*** Task material Section Begins ***
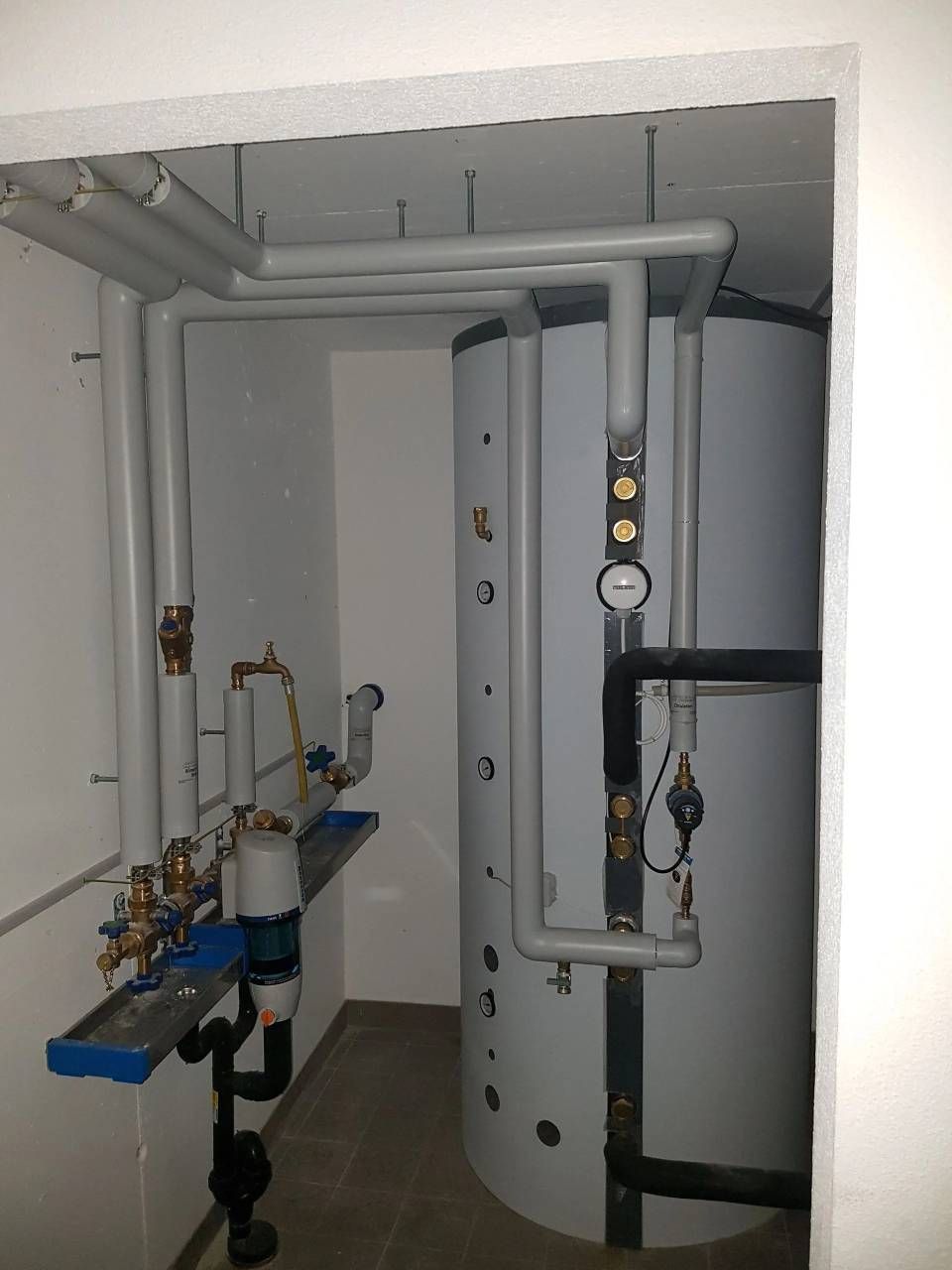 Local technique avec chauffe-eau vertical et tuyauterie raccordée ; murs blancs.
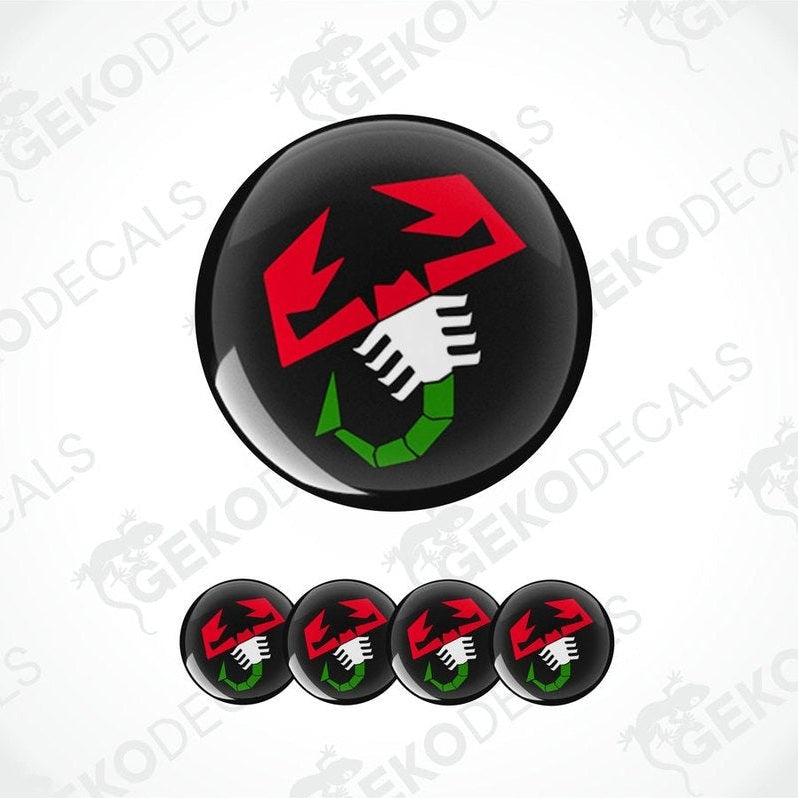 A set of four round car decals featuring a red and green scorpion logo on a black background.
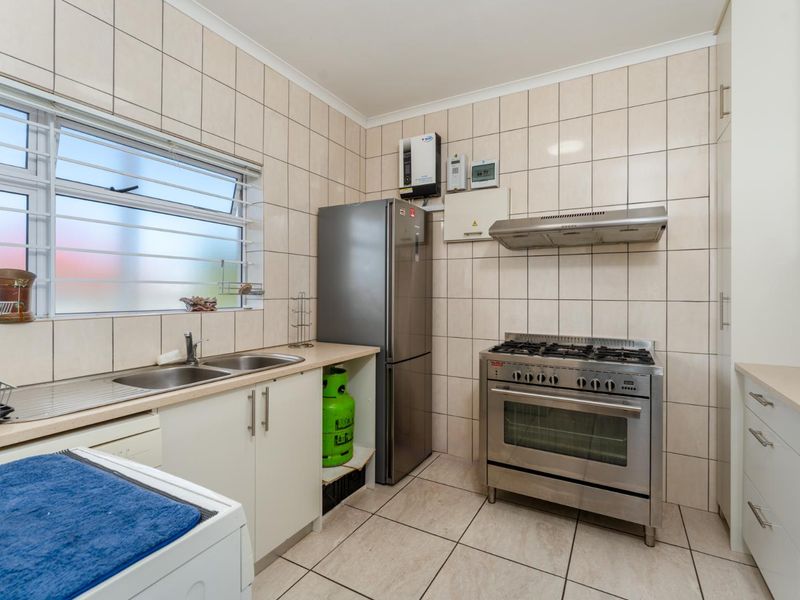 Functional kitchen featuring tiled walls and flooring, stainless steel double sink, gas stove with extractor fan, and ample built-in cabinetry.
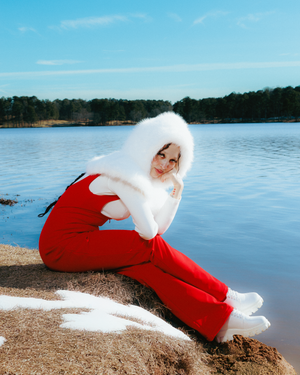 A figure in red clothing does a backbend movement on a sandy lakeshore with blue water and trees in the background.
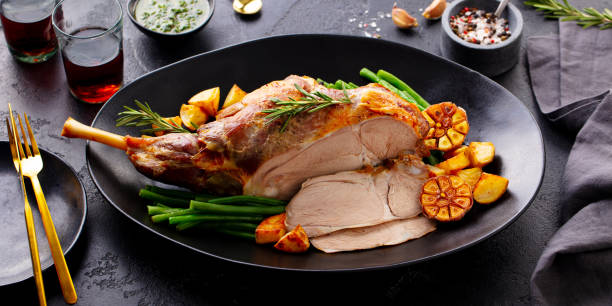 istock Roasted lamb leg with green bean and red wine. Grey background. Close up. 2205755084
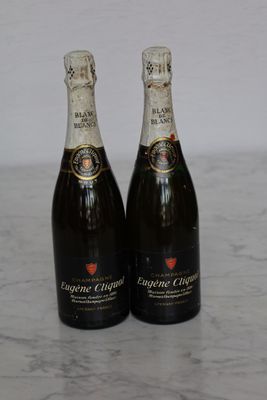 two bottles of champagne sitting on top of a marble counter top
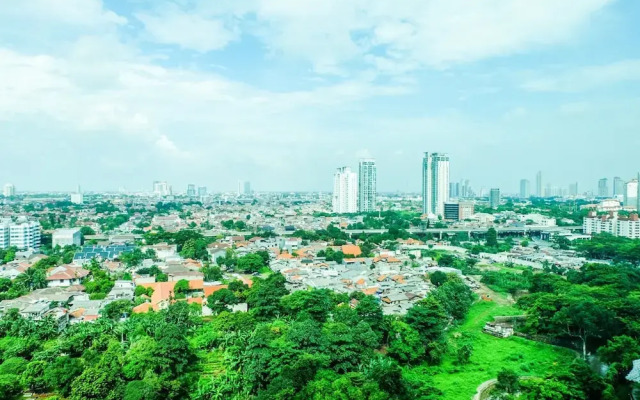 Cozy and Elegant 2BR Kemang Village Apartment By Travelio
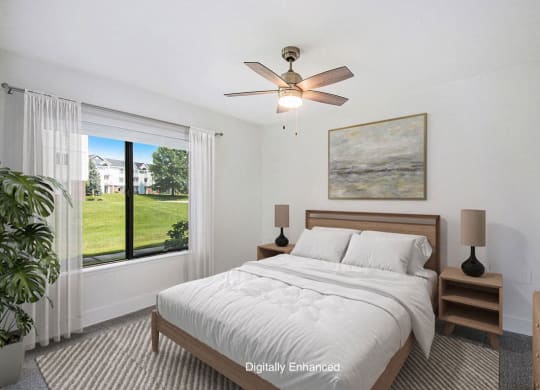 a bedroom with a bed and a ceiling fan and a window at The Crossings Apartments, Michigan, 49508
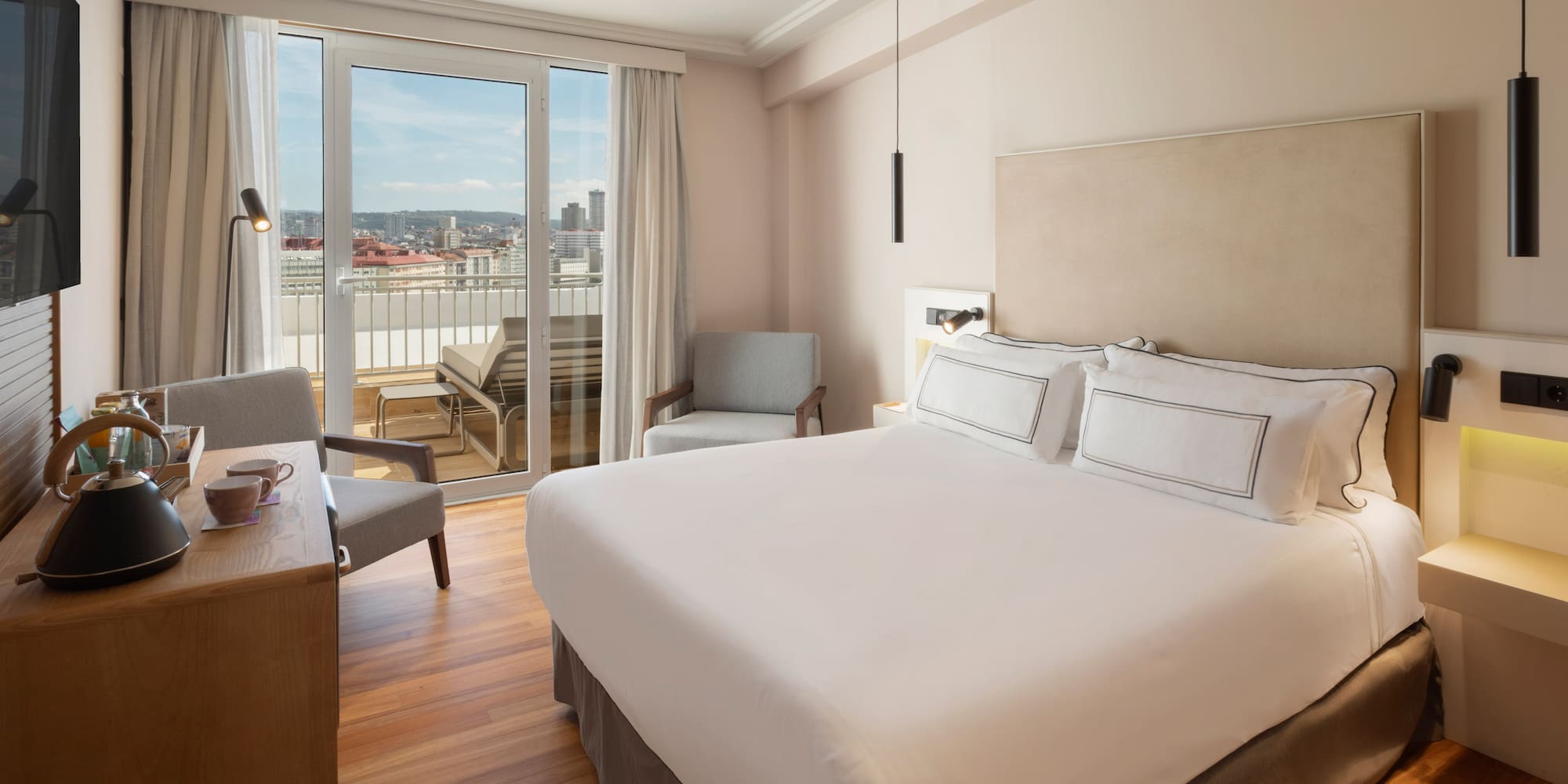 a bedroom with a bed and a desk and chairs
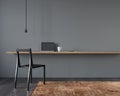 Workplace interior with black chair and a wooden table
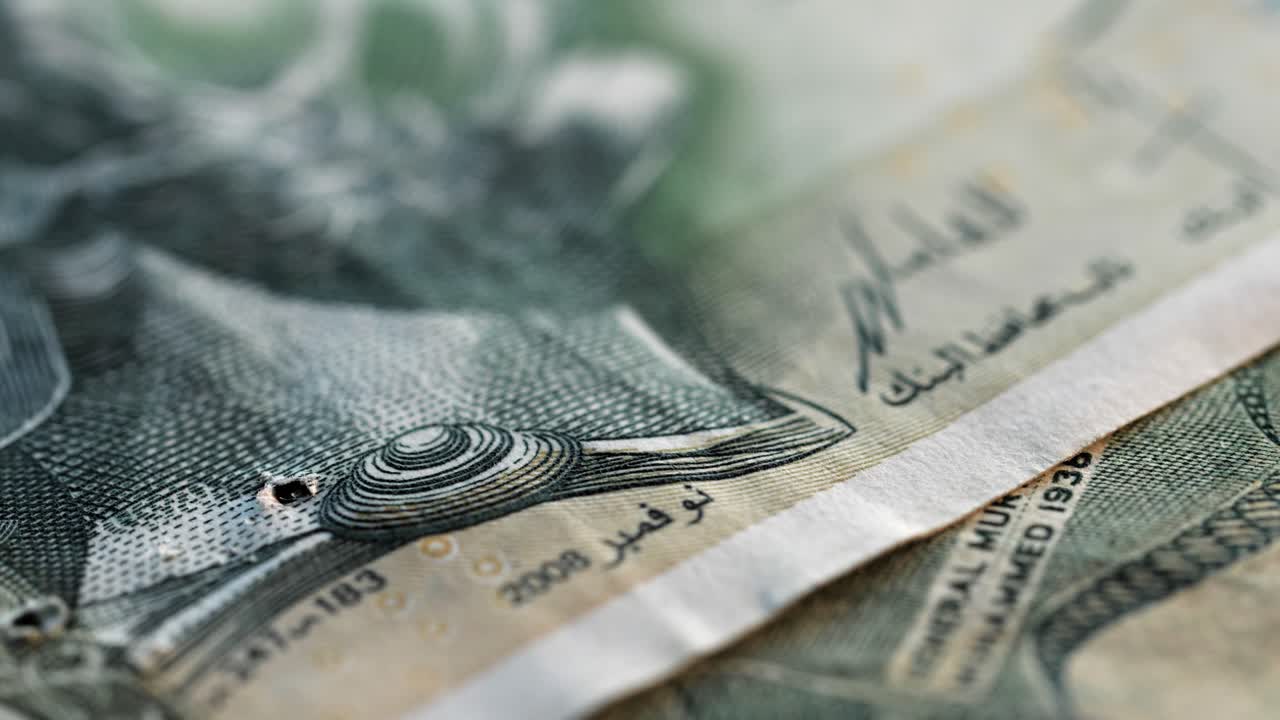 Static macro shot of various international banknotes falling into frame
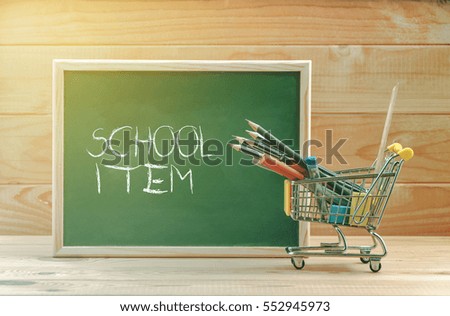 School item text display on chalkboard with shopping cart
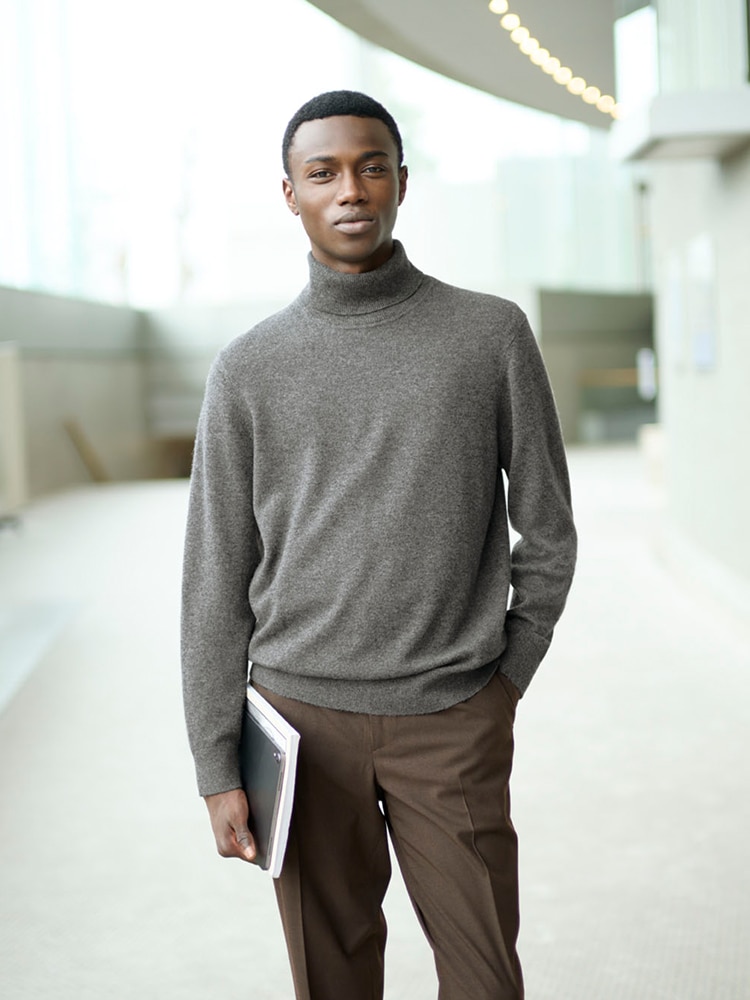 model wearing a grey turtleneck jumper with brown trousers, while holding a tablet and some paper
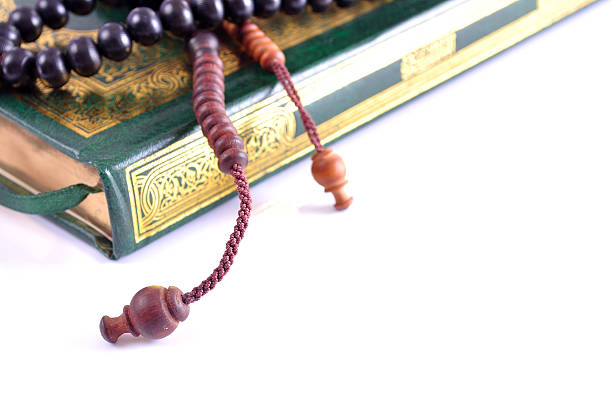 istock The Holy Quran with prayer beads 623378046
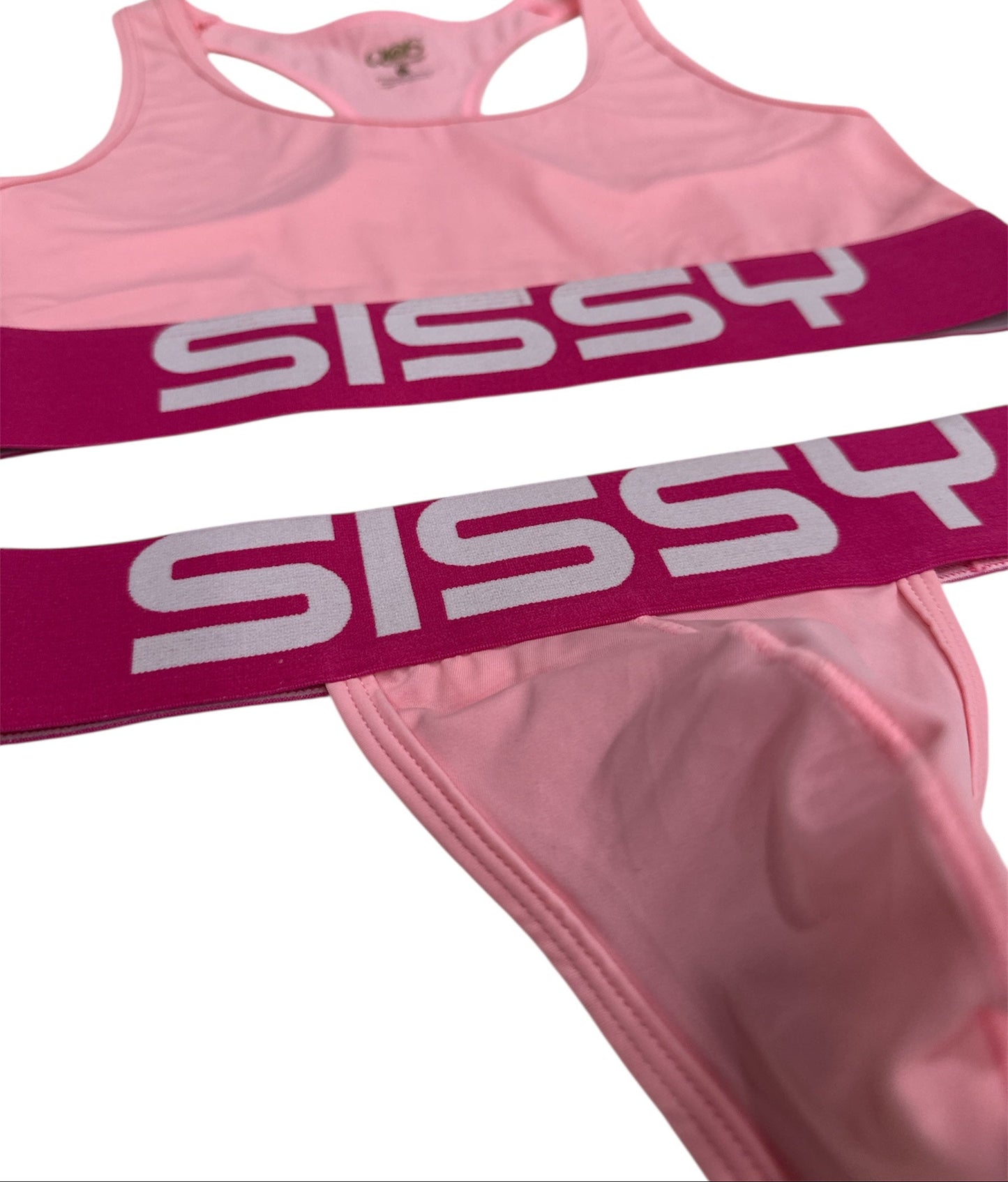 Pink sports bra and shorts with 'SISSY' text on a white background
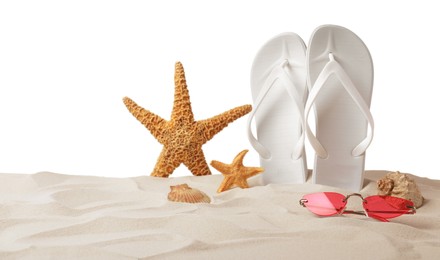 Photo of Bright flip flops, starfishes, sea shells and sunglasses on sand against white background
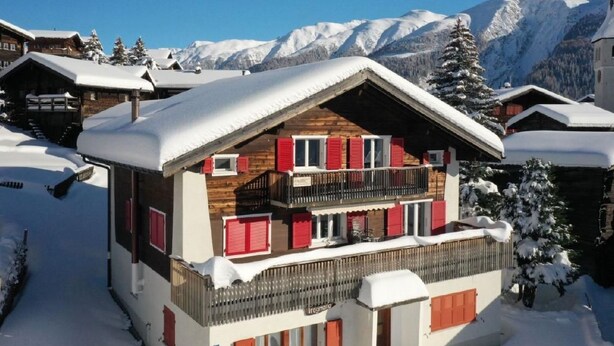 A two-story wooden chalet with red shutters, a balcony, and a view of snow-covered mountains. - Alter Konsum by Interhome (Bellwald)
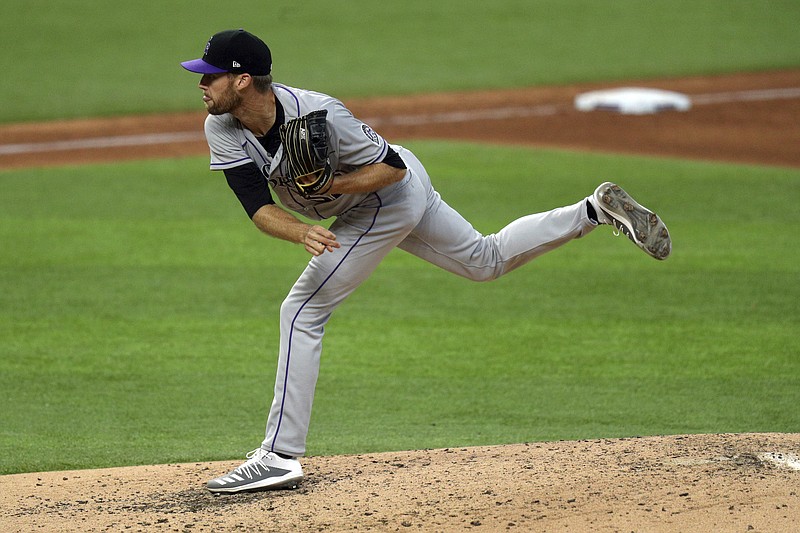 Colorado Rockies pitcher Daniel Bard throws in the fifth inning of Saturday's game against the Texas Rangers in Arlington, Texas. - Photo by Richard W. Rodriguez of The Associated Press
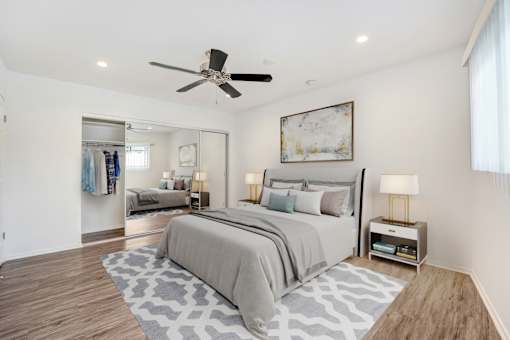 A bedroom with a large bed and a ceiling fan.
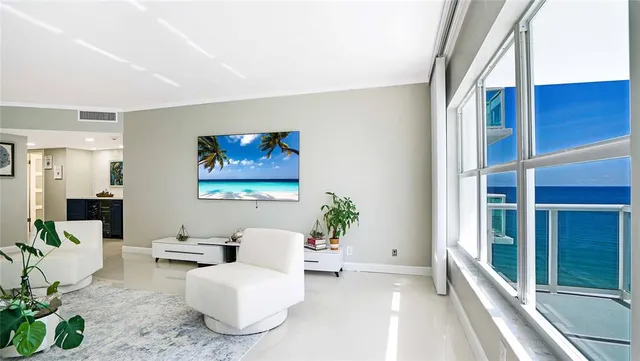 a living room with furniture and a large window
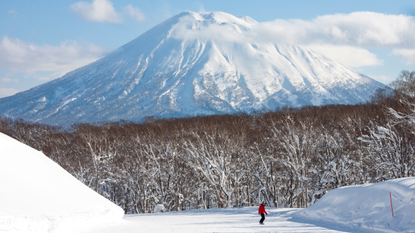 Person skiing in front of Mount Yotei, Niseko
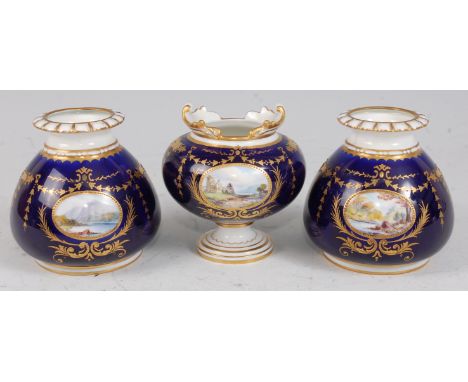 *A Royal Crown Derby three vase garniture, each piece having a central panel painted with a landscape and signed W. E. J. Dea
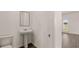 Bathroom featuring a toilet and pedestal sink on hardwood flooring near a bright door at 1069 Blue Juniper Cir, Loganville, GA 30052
*** Task material Section Ends ***
* Work to complete
Could you write out the records again exactly, without any of their pictures?

* Answer box
 Local technique avec chauffe-eau vertical et tuyauterie raccordée ; murs blancs.
 A set of four round car decals featuring a red and green scorpion logo on a black background.
 Functional kitchen featuring tiled walls and flooring, stainless steel double sink, gas stove with extractor fan, and ample built-in cabinetry.
 A figure in red clothing does a backbend movement on a sandy lakeshore with blue water and trees in the background.
 istock Roasted lamb leg with green bean and red wine. Grey background. Close up. 2205755084
 two bottles of champagne sitting on top of a marble counter top
 Cozy and Elegant 2BR Kemang Village Apartment By Travelio
 a bedroom with a bed and a ceiling fan and a window at The Crossings Apartments, Michigan, 49508
 a bedroom with a bed and a desk and chairs
 Workplace interior with black chair and a wooden table
 Static macro shot of various international banknotes falling into frame
 School item text display on chalkboard with shopping cart
 model wearing a grey turtleneck jumper with brown trousers, while holding a tablet and some paper
 istock The Holy Quran with prayer beads 623378046
 Pink sports bra and shorts with 'SISSY' text on a white background
 Photo of Bright flip flops, starfishes, sea shells and sunglasses on sand against white background
 A two-story wooden chalet with red shutters, a balcony, and a view of snow-covered mountains. - Alter Konsum by Interhome (Bellwald)
 Colorado Rockies pitcher Daniel Bard throws in the fifth inning of Saturday's game against the Texas Rangers in Arlington, Texas. - Photo by Richard W. Rodriguez of The Associated Press
 A bedroom with a large bed and a ceiling fan.
 a living room with furniture and a large window
 Person skiing in front of Mount Yotei, Niseko
 *A Royal Crown Derby three vase garniture, each piece having a central panel painted with a landscape and signed W. E. J. Dea
 Bathroom featuring a toilet and pedestal sink on hardwood flooring near a bright door at 1069 Blue Juniper Cir, Loganville, GA 30052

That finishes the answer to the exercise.